Maria Mourani Ahuntsic, QC

moved that Bill C-612, An Act to amend the Criminal Code (trafficking in persons), be read the second time and referred to the Standing Committee on Justice and Human Rights.

Mr. Speaker, it is my great pleasure today to speak to Bill C-612, An Act to amend the Criminal Code (trafficking in persons). This is a bill upon which we have been working for more than a year. Many women’s groups have been consulted, as well as victims’ groups, police forces and even the Barreau du Québec. Before giving a brief outline of the bill, I would like to sketch a quick picture of trafficking in persons and provide some information, including statistics.

According to 2009 figures from the UNODC, 79% of trafficking victims in the world are trafficked for purposes of prostitution. According to 2005 figures from the International Labour Organization, 80% of trafficking victims are women and children, particularly young girls, and 40% to 50% of all victims are children.

Women and girls make up 98% of the victims of sexual exploitation. Hence the violence inflicted in this sort of trafficking mainly affects women. According to 2007 figures from the UNODC, the annual proceeds of this criminal activity are estimated at $32 billion. This is estimated to be the third-largest criminal trade after drugs and weapons trafficking. Certain research even estimates it to be the second-largest. This trade is dominated by criminal groups, and the traffickers are difficult to apprehend since they are extremely dangerous and violent. Naturally, as one can understand, the victims are forced to remain silent.

Here is a picture of the situation in Canada: Canada is considered to be a country of recruitment, destination and transit, particularly transit to the United States. Unfortunately, Canada is also a place of sex tourism. Contrary to what one might think, this sort of thing does not happen only in Thailand. Criminal Intelligence Service Canada indicates in its 2001 report that, in Canada, the average age of entry into prostitution is 14. According to 2004 figures from the U.S. State Department, every year an estimated 1,500 to 2,200 persons are victims of trafficking from Canada to the United States. It is estimated that traffickers bring approximately 600 women and children into Canada to service the Canadian sex industry.

The main points of transit and destination for victims of interprovincial and international trafficking are Montreal, Toronto, Winnipeg and Vancouver. It is estimated that over 65,000 persons in Canada engage in the online exchange of child pornography, in photos and videos. And this is a fairly conservative figure, if one can say that.

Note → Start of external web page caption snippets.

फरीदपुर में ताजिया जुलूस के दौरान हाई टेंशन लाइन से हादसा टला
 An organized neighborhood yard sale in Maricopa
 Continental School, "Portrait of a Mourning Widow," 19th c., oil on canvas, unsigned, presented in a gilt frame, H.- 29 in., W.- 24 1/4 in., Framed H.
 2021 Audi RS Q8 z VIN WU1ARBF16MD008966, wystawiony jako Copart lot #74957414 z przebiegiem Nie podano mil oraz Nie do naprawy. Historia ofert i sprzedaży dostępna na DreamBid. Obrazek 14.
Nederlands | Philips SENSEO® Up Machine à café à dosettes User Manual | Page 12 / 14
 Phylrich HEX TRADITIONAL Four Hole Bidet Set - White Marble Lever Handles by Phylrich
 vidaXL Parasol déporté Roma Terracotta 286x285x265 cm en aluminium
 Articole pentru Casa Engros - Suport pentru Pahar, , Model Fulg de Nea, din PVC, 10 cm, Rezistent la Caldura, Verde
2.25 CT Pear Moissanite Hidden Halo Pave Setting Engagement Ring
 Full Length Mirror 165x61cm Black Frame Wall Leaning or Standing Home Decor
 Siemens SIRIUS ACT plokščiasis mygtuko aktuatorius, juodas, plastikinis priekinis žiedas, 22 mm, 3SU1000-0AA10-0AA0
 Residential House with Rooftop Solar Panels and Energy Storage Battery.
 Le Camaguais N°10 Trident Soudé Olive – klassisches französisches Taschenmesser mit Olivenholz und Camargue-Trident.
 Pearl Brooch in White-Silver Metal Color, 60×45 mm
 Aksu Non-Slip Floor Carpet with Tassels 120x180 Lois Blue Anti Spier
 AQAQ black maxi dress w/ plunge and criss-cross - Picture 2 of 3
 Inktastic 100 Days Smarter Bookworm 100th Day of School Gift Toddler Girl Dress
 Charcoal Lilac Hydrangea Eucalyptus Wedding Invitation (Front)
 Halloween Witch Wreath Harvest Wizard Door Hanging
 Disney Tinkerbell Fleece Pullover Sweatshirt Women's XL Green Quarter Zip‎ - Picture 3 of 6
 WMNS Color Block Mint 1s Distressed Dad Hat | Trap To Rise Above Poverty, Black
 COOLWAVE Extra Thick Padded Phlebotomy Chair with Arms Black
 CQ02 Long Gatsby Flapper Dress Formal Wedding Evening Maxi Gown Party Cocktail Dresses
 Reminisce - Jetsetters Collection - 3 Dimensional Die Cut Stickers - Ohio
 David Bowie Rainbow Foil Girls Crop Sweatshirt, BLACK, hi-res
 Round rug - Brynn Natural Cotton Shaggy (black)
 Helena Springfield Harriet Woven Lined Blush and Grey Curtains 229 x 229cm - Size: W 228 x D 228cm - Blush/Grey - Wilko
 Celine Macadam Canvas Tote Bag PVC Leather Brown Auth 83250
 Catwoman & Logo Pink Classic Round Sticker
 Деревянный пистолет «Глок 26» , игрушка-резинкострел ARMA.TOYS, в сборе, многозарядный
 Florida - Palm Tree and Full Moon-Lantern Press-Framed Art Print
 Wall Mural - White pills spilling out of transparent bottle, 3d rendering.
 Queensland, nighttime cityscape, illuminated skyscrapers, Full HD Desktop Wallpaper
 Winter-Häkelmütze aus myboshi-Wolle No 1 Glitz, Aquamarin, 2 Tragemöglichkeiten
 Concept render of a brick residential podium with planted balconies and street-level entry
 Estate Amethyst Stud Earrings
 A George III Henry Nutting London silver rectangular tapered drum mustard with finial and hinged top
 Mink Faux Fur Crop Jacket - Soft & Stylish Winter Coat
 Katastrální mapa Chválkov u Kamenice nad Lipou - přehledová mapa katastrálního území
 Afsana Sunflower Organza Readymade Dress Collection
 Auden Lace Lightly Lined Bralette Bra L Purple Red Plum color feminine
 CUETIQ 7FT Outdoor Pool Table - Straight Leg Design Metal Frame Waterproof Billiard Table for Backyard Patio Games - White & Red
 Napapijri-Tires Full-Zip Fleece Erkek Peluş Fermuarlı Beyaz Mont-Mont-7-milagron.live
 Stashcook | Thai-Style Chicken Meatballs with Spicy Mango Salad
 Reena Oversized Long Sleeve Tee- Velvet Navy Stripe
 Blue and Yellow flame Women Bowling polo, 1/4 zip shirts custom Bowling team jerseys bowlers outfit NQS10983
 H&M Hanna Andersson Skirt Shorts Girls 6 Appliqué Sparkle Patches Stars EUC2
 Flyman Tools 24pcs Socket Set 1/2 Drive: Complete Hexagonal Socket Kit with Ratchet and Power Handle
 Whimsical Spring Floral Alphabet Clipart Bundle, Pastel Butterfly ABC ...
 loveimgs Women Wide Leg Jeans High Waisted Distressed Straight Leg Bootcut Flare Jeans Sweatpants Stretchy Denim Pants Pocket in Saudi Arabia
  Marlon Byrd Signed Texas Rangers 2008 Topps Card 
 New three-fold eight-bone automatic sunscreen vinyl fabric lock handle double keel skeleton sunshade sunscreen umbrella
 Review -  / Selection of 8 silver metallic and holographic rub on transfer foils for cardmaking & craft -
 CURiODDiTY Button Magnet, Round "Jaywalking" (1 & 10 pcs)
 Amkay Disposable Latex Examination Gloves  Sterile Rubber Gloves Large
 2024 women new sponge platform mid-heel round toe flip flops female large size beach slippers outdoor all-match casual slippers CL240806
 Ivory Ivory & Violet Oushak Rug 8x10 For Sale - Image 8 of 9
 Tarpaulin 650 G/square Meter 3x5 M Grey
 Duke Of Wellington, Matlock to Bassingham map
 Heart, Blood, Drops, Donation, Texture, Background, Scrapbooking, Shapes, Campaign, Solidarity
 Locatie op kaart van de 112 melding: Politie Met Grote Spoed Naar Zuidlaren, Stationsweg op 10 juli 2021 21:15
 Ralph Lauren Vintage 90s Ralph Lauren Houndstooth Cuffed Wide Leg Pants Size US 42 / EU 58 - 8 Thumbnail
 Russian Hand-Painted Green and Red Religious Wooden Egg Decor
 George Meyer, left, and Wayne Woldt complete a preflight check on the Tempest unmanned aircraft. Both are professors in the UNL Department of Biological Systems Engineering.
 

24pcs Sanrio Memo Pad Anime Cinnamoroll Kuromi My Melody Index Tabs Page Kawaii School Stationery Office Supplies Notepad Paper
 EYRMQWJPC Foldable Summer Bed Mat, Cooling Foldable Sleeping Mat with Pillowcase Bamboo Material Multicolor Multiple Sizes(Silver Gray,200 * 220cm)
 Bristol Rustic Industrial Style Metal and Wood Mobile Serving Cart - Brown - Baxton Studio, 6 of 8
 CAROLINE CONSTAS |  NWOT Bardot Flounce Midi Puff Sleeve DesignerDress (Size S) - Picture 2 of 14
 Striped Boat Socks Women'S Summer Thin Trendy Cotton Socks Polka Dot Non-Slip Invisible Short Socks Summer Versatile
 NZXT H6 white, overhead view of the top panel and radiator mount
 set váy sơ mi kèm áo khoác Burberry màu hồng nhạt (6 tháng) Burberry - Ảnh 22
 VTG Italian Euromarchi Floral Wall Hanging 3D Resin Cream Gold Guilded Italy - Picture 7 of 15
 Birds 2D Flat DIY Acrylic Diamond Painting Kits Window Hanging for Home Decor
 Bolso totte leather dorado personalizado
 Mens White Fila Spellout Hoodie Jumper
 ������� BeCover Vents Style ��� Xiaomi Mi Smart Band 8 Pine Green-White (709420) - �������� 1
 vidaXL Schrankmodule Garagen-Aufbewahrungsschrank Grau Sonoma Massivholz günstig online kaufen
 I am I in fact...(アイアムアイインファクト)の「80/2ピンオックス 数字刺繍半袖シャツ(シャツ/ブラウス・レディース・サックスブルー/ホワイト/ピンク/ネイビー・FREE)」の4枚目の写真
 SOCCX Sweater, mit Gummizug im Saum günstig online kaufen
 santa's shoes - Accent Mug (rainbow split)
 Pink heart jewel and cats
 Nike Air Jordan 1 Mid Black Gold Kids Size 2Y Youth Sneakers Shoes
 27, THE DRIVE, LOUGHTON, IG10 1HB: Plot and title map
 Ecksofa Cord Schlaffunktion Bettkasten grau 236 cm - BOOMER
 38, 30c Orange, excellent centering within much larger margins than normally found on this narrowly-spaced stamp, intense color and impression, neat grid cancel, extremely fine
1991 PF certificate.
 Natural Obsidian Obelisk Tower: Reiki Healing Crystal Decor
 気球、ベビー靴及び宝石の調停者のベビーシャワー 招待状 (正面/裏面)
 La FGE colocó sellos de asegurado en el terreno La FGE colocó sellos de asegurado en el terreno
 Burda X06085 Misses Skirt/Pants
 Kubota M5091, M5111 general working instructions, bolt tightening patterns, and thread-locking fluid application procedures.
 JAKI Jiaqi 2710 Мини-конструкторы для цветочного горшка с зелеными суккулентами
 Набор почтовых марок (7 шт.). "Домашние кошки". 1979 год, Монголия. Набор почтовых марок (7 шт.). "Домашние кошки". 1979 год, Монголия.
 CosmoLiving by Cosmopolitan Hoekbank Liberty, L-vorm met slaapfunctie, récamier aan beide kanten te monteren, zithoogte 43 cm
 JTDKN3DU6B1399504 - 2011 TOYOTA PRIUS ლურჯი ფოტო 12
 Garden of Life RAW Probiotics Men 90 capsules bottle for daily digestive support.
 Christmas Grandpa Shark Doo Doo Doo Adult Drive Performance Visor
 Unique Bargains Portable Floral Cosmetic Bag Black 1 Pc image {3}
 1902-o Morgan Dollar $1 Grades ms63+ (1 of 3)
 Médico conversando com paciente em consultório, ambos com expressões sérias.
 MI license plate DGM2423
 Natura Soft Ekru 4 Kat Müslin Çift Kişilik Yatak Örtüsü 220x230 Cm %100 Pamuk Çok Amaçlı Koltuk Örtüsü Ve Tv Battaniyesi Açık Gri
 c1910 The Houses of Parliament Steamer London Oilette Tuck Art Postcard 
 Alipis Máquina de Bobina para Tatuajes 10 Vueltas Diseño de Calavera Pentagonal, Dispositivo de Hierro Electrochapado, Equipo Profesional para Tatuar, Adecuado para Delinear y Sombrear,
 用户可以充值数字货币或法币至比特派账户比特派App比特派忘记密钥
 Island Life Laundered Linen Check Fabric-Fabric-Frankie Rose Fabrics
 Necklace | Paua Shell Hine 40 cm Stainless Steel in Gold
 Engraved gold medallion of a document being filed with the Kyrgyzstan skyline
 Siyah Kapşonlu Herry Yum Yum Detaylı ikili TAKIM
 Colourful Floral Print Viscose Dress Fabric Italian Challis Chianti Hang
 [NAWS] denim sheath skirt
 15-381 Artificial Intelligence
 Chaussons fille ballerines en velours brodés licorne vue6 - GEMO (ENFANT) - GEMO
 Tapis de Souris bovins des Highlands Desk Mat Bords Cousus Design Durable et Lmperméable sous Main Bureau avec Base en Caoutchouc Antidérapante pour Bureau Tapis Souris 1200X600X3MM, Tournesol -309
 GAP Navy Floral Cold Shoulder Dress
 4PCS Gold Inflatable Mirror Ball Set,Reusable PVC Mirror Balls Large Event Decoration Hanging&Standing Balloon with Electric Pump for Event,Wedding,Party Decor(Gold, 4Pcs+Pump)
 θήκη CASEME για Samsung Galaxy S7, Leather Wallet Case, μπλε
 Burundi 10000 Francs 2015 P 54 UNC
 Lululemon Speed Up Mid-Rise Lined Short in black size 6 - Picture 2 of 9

The Sûreté du Québec estimates that 80% of the strip clubs in Quebec under its jurisdiction are owned by criminal groups, often under fronts. So this is an industry that is dominated by organized crime and, of course, street gangs. It is said that a girl can be ordered much as one orders a pizza. This is quite incredible. In the city of Montreal alone, it is estimated that 300 minor girls aged 12 to 17 are sexually exploited, whether through pornography or prostitution, although the figures vary depending on the research. Some studies talk about 800, others 488, or even 1,500 children and adolescents in the Montreal region alone.

The city that comes second to Montreal is Quebec City. The sites of prostitution are varied: bars, strip clubs, prostitution networks, escort agencies and massage parlours. A girl may be moved from Canada to the United States or from one province to another. With reference to sexual exploitation, the majority of prostitution networks can be found in the big cities such as Montreal, Quebec City, Toronto, Winnipeg, Ottawa, Vancouver, Niagara, Peel, etc.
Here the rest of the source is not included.